Document Date vs. Posting Date

When entering a transaction such as bill, shall we follow the document date or the posting date?

In some accounting software, it does provide a document date (date stated in the bill) and a posting date (the date when you post the transaction into the account). However, in QuickBooks, there is only one date field for you to record the transaction. So, in this case, how shall we make use of this ‘Date’ field in QuickBooks? Shall we use it for document date or simply use it as a posting date?

If you use it as a document date, this bill transaction will age accordingly, but this will affect your month- end or year-end closing figure.

If you use it as a transaction date, although it does not affect your closing figure, but your Accounts Payable Ageing will be wrongly calculated.

Is there a solution or a workaround in QuickBooks to resolve both the Closing figure and Accounts Payable Ageing calculation when a bill dated in previous month needed to record after the book is closed?

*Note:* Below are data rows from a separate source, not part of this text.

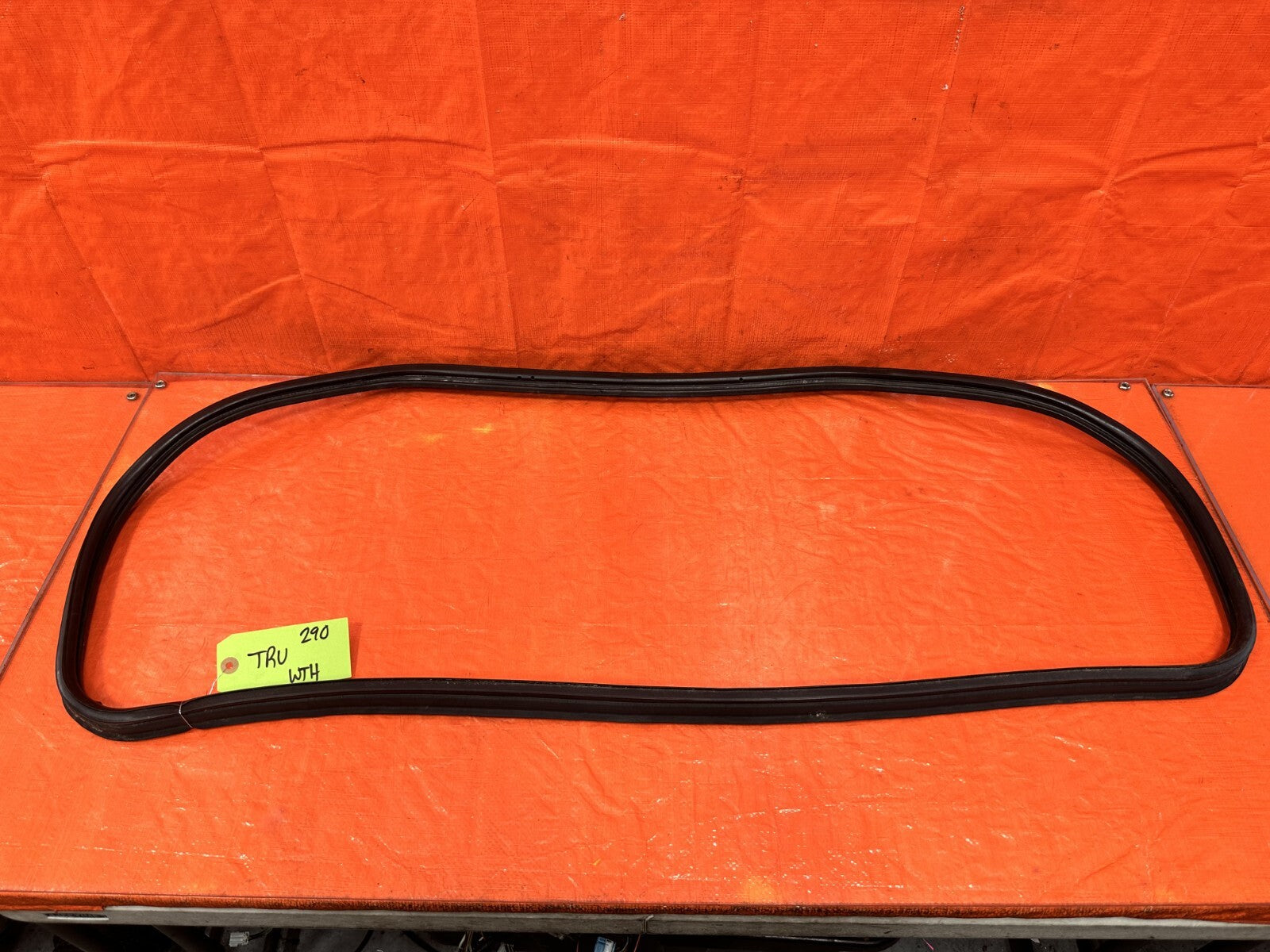 00 09 HONDA S2000   REAR TRUNK WEATHER STRIP GASKET SEAL   OEM FACTORY #2901
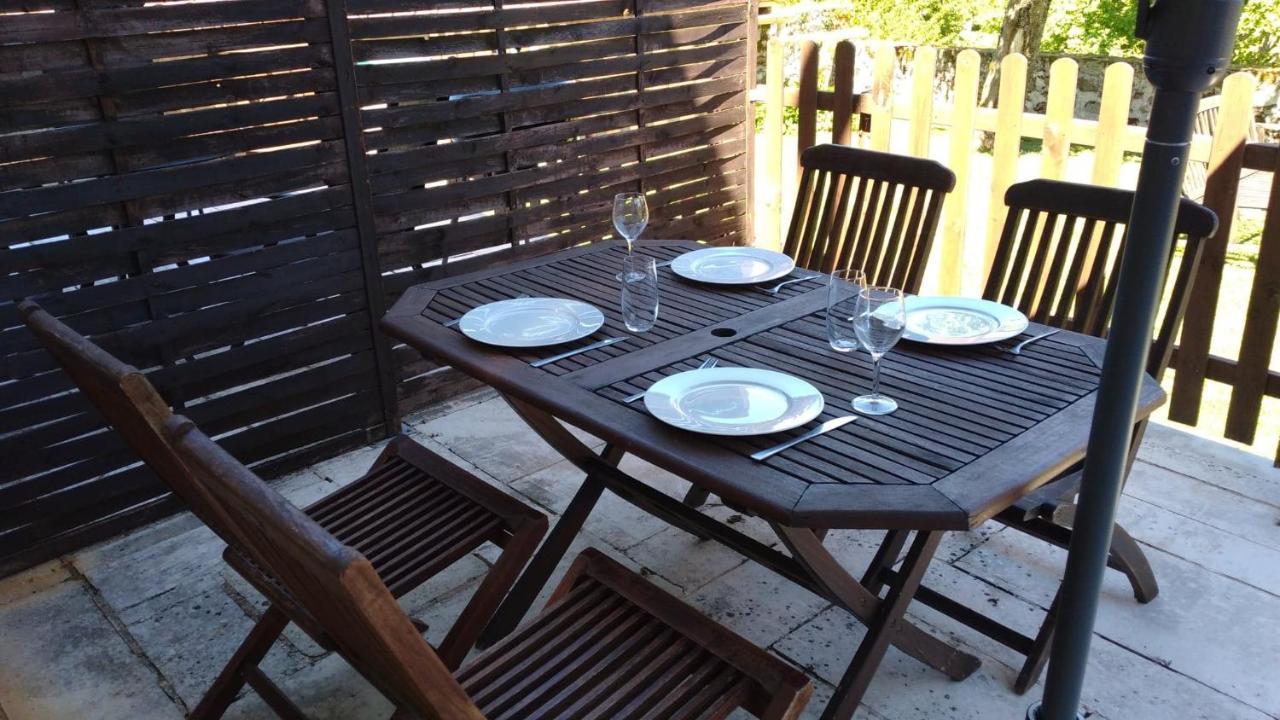 Character 2 Bed Cottage Within Walking Distance Of Bar/Restaurants Piégut-Pluviers Zewnętrze zdjęcie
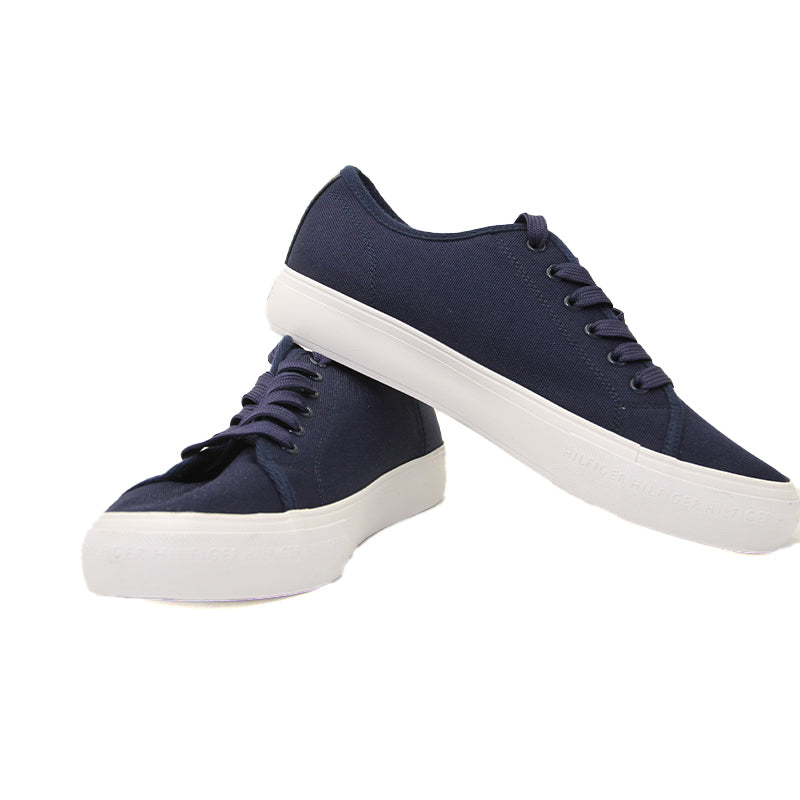 TOMMY HILFIGER WOMEN Size 39 ROW666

In QuickBooks, to resolve it is simple. Since the account had already closed, we shall not record a transaction before the closing date and affects the Closing figure. In the Bill form, other than the Date field, there is also a Date Due field (below the Amount Due field). We can use the Date field as a Posting Date and base on the payment terms given, select the Date Due accordingly.

For example:

Your year-end closing is as of 31 December 2009 and you have closed the accounts. On 20 January 2010, you received a bill from your supplier. The bill dated 26 December 2009 with 30 days payment term. Base on 30 days payment terms, this bill should be due on 25 January 2010.

In the Bill form, you enter 20 January 2010 in the ‘Date’ field (Posting date) and 25 January 2010 in the ‘Bill Due’ field (date when this bill is due). You may consider entering the original document date, 26 December 2009, in the memo field for references.

This transaction will not affect your year-end closing figure, since it does not record before your closing date (31 Dec 2009). Besides, from your Accounts Payable Ageing report it will show the transaction correctly aged.